Following the sudden shutdown of The Messenger and the termination of its entire staff, owner Jimmy Finkelstein is now facing legal challenges. A proposed class action suit alleges that Finkelstein violated the WARN Act by dismissing 300 employees without prior notice, severance, or healthcare, a move deemed in violation of the Worker Adjustment and Retraining Notification Act (WARN Act).
The lawsuit seeks class certification along with unpaid wages and additional fees. This development comes a day after The Messenger, a digital news site, announced its unexpected closure due to challenges in securing sufficient capital for profitability. Founder Jimmy Finkelstein attributed the shutdown to economic headwinds affecting many media companies, with The Messenger encountering significant hurdles as a new company.

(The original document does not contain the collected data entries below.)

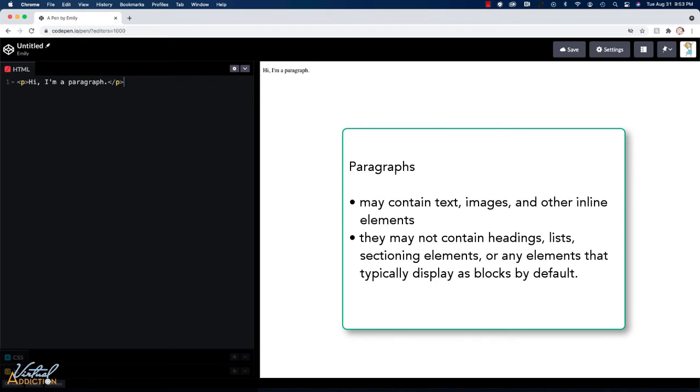Paragraphs may contain text, images, and other inline elements. These are called phrasing content, but they may not contain headings, lists, section elements, or any elements that typically display as blocks by default.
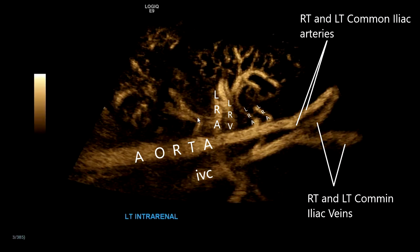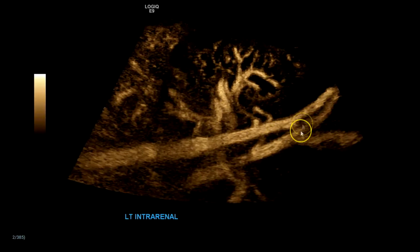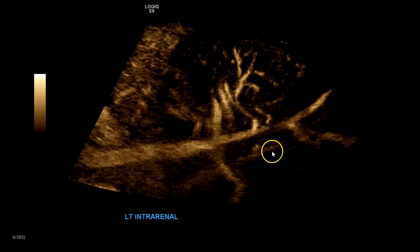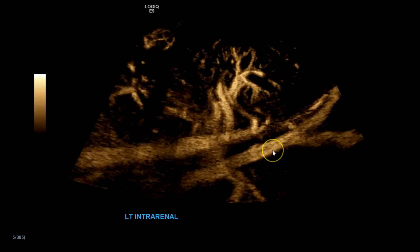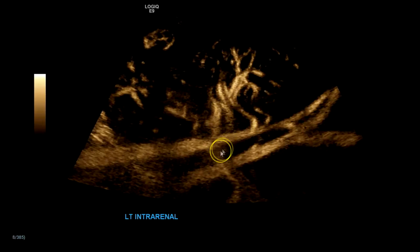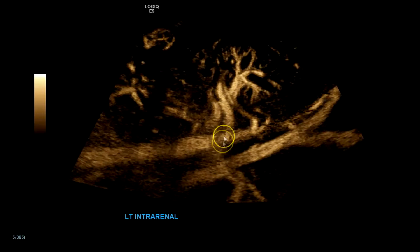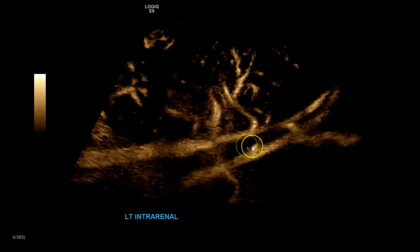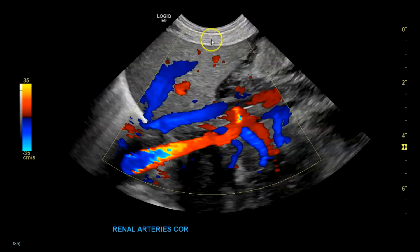You can see the bifurcations and the confluence of the aorta and IVC very clearly. Remember that the left renal vein goes over the aorta and posterior to the superior mesenteric artery. Slight coronal view from the right — you see the liver here, hepatic vein, IVC, and then you have your aorta.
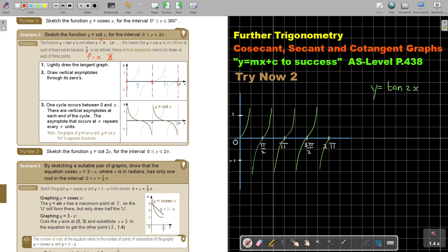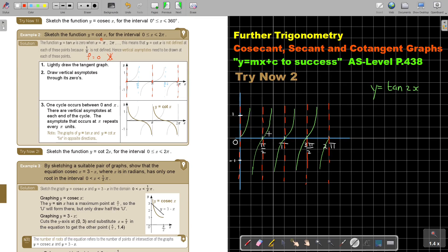Now, where is tan(2x) equal to 0? It's 0 there, and there, and there, and there. So in this case, instead of every π, it's every π over 2. You can see every 2 blocks. Otherwise, if it's 3 blocks, you've made a mistake. Now remember, cot is in the opposite direction. So let's start with yellow — I'm now doing y equals cot(2x).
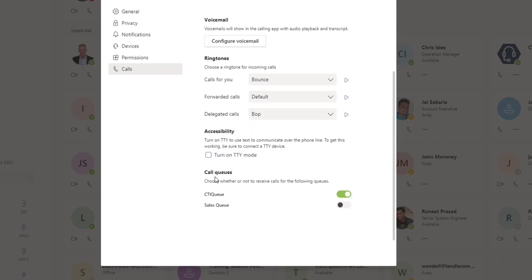And lastly, call queues. So you've got the ability to log in and log out of what you might know as a hunt group, and it's just a simple case of on and off.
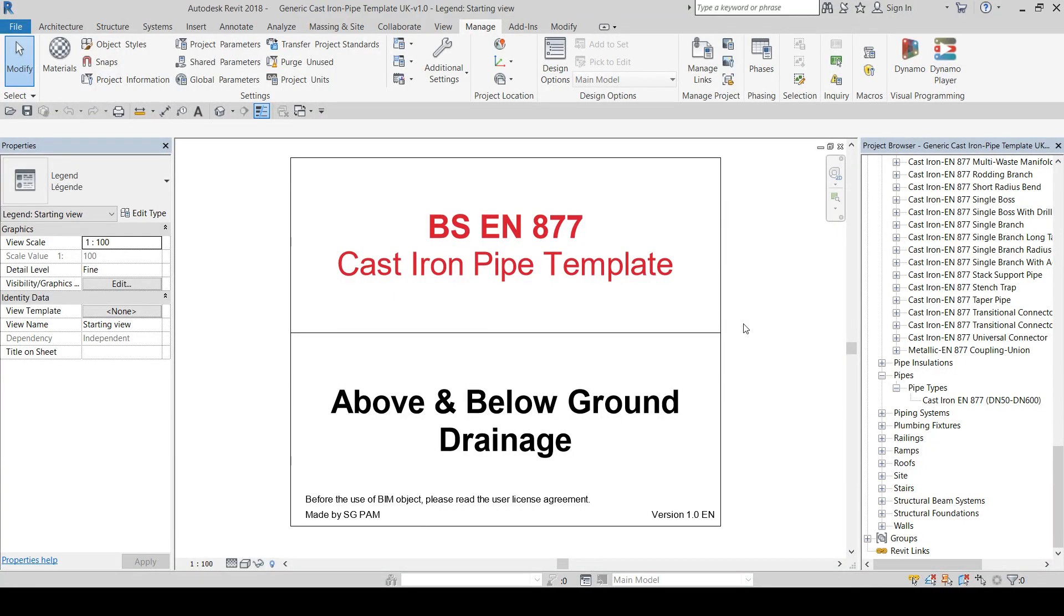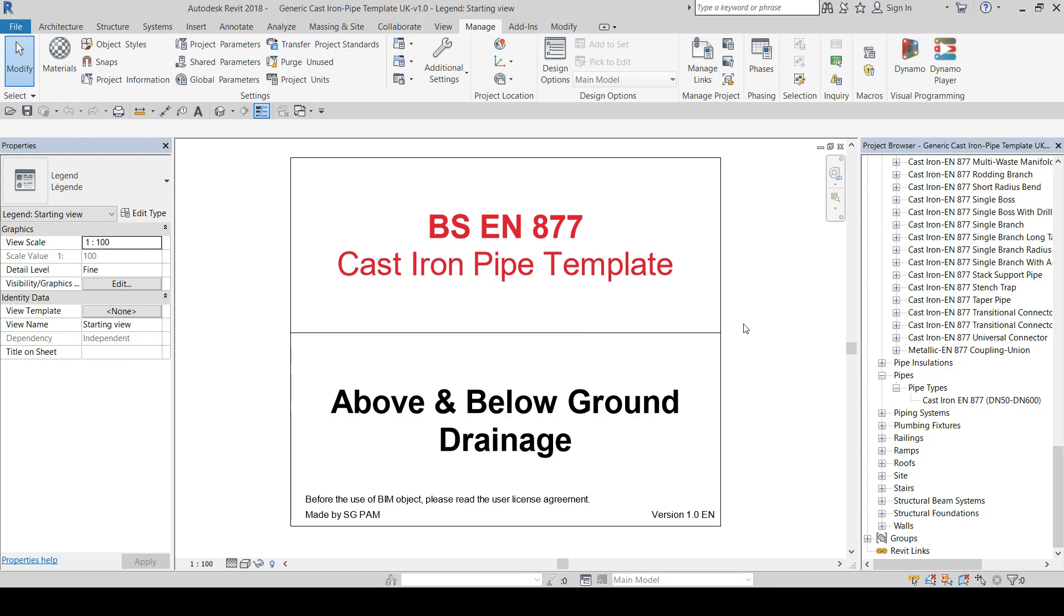In order to transfer the pipe types containing the routing preferences provided by SangerBan into your project, we recommend using the Transfer Project Standards function provided in Revit. This allows you to copy specific project settings from another open project, so this means opening the template provided by SangerBan simultaneously with your project.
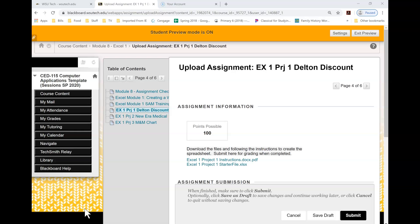Hello! Welcome to Excel. This week you're working within Excel and I'm going to be doing Excel 1 Project 1, the Delton discount assignment for you.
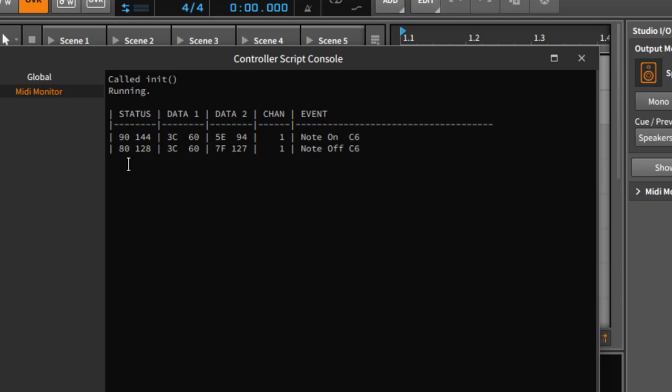The note is number 80, so you see both the decimal number and the hexadecimal number, which is also pretty handy from time to time. Same for the first byte: we see the note number is 60 and the velocity was 94 when it was pressed.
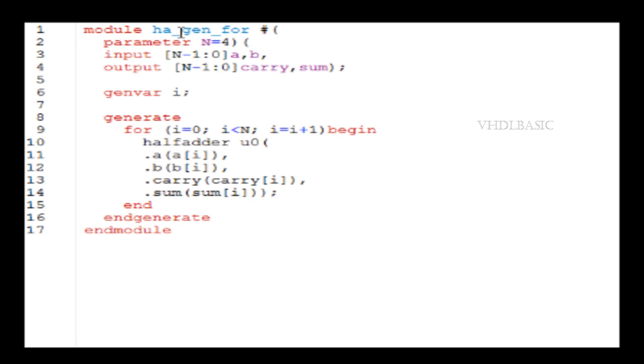Generate statement will end with endgenerate. For loop started with begin, right? That's it, end with end—that is line number 15 we are using to close the for loop. And line number 16, endgenerate is used to close the generate statement.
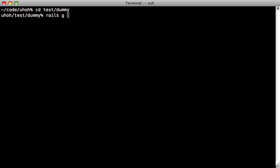In this case, we need some place to generate an exception. So let's generate a controller with a called simulate and give it a failure action.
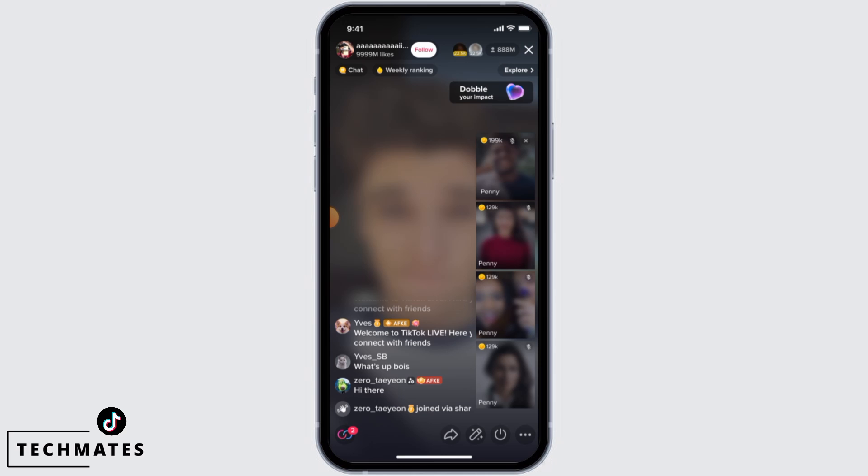Once you're live on TikTok, you want to tap on the three dots, which is at the bottom right corner of your screen.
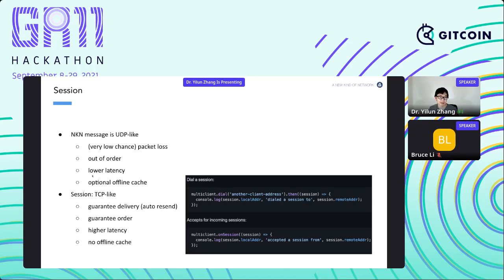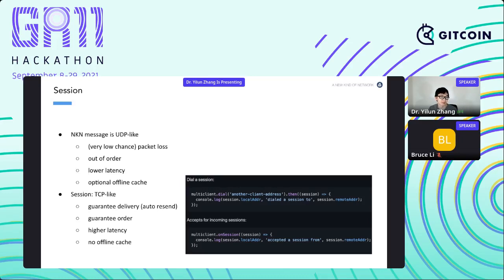Similar to UDP, NKN messages have low latency compared to session mode because they deliver packets to the recipient as soon as they arrive. There's also an optional feature called offline cache — very useful if you want a packet delivered to a client that's not currently online. If you enable the offline cache parameter, the message will be held on the node connected to the client for a configurable period of time. If the receiver isn't online, it will wait for them to come online, deliver the packet, and then remove it from cache. This is useful for messaging apps — for example if you want to create an instant messenger using NKN.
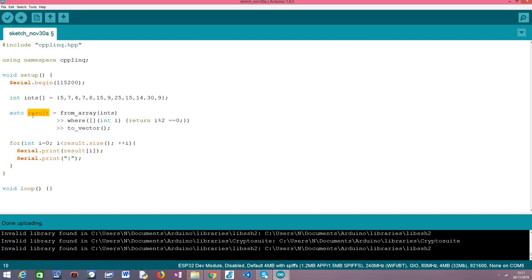We are storing here the result in this variable. Note the use of this keyword auto, so this is just to make our life easier so we don't need to be writing the whole declaration of the data type which is a vector of integers. This auto keyword helps a lot because the compiler will infer for us the return type.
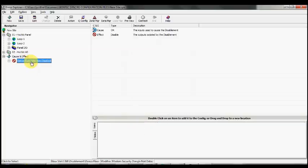For more information regarding the Synchro range of panels and for further tutorial videos, don't forget to check out the Insight website at www.insightfire.com.au.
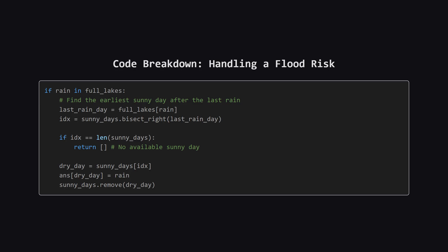Otherwise, we've found our day to dry the lake. We grab that day's index, update our answer array to show we're drying this lake on that day. And, very importantly, we remove that sunny day from our list so we can't use it again.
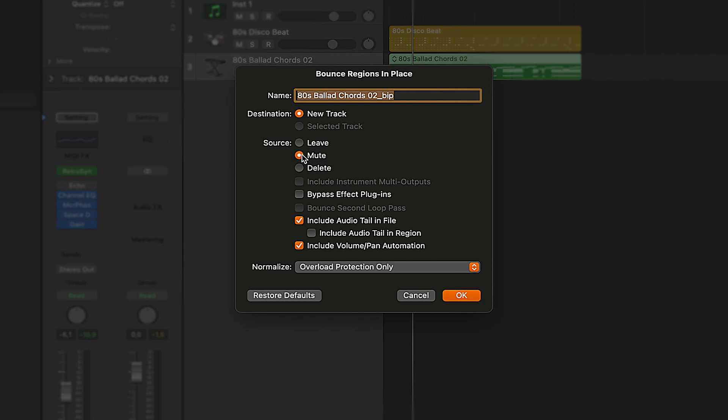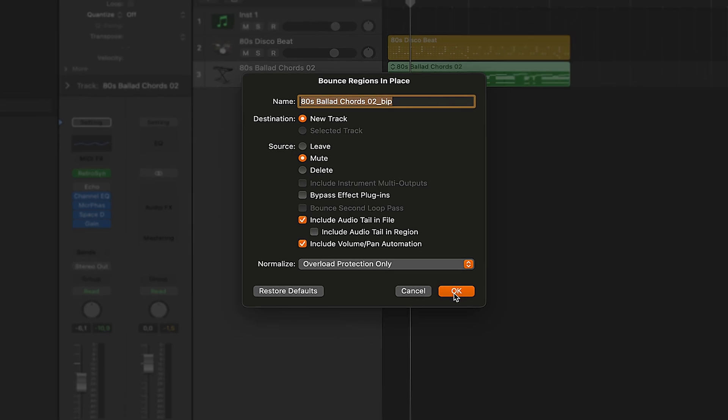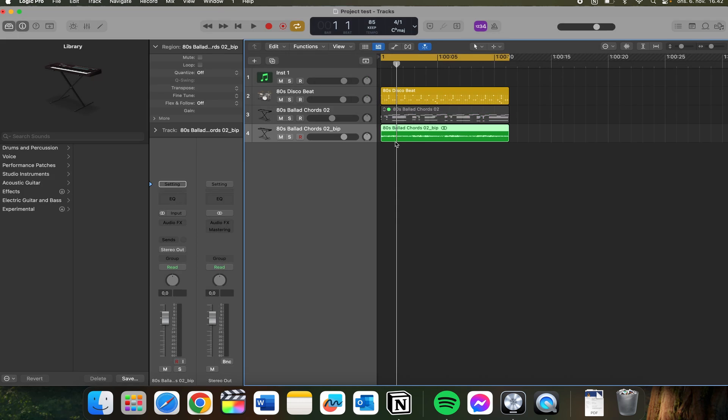And you can either leave it or mute the original clips or delete the clips. All of these other options are not something you really should worry about. From here you need to click okay.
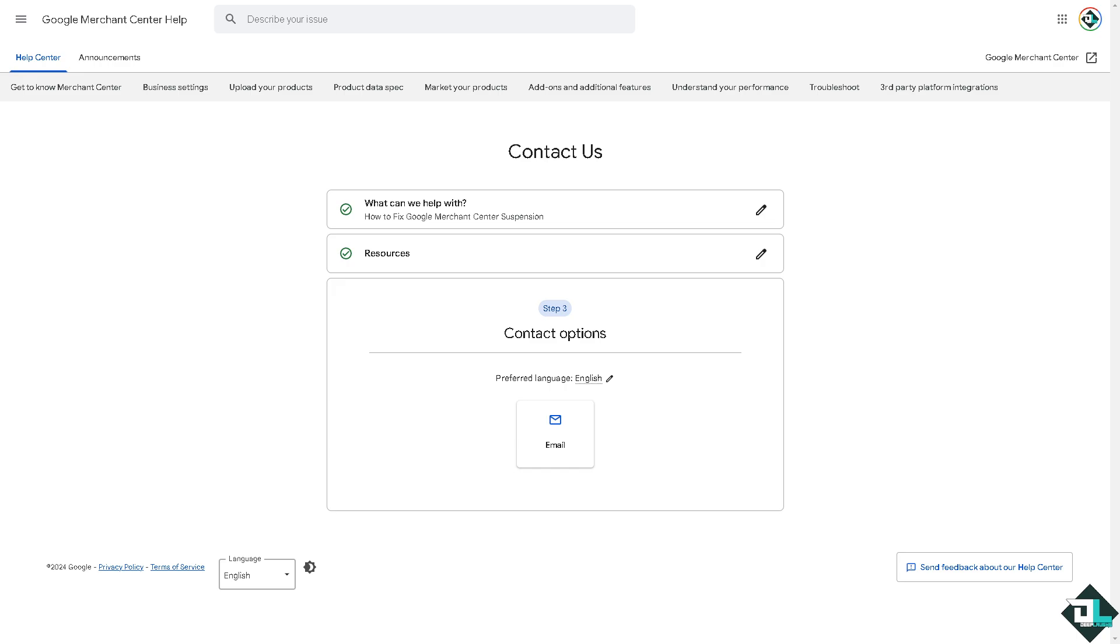Once it has been resolved, to prevent future suspensions you need to regularly audit your product feed and website for compliance, stay updated on Google policies and guidelines, and ensure you use the Google Merchant Center alerts to address issues proactively. Thank you so much for watching, we will see you again on the next video.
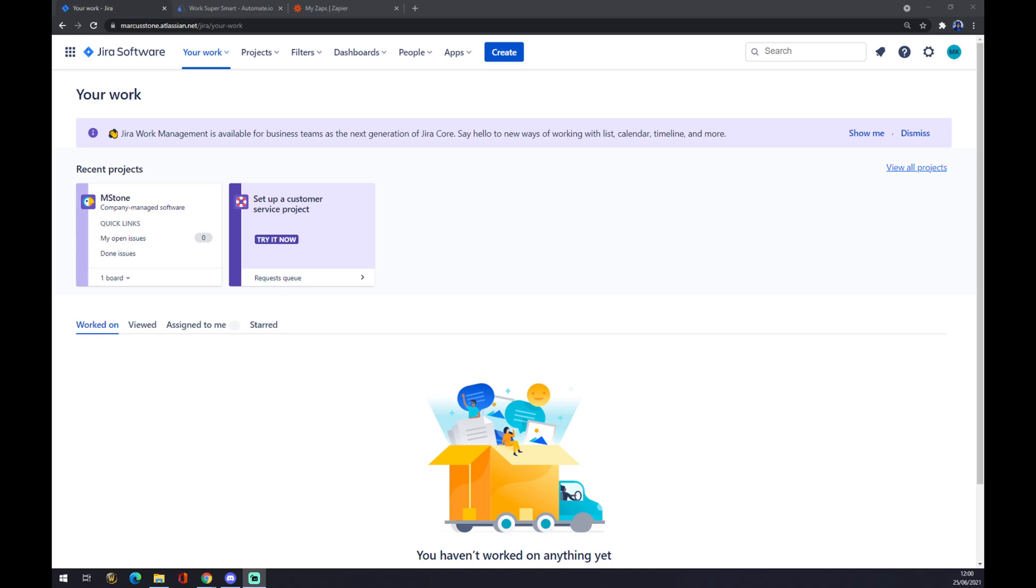Hello guys, my name is Matthew and in today's video I'm going to show you how to integrate Jira with ServiceNow. First, create an account at Atlassian.net and head straight to Jira.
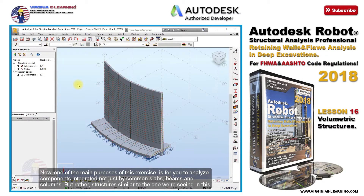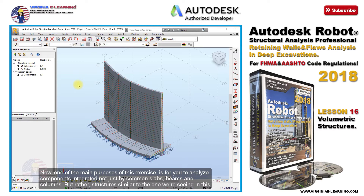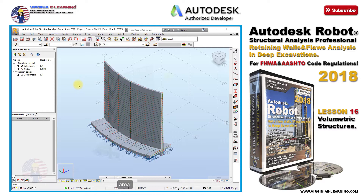Now, one of the main purposes of this exercise is for you to analyze components integrated not just by common slabs, beams and columns, but rather structures similar to the one we're seeing in this area.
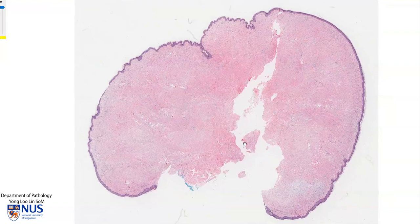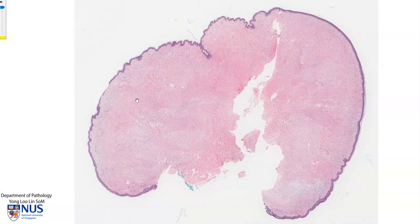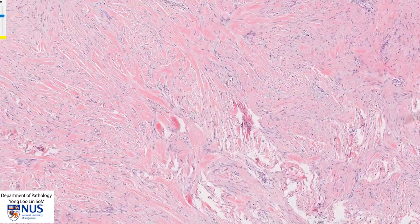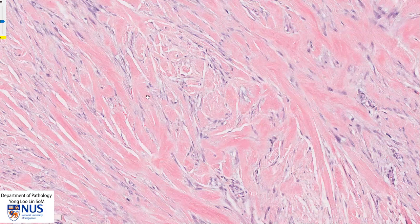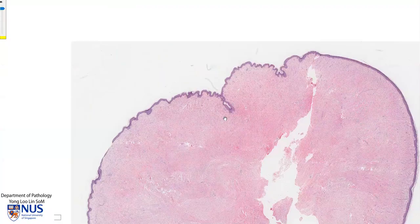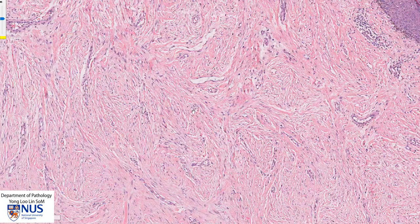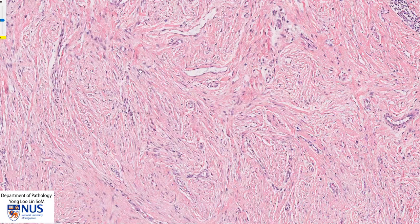In summary, this is an example of a keloid, which is a phenomenon of excessive scar formation. The classical histologic appearance is the presence of these thick, ropey collagen bundles with interspersed fibroblasts. This particular case also has accompanying hypertrophic scar tissue with lots of myofibroblasts as well as fibroblasts, which are laying down these thinner bundles of collagen.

Launched in May, The Messenger aimed to be a prominent player in the digital media landscape, featuring interviews with notable figures such as former President Donald Trump. However, the venture reportedly incurred losses of around $38 million following a $50 million funding round and struggled amid challenges in the advertising sector.
The shutdown of The Messenger reflects broader challenges in the media industry, with other outlets like the Los Angeles Times and BuzzFeed News also grappling with layoffs and closures. The legal action against Finkelstein underscores the difficulties employees face when companies shut down abruptly, leaving them without notice or compensation.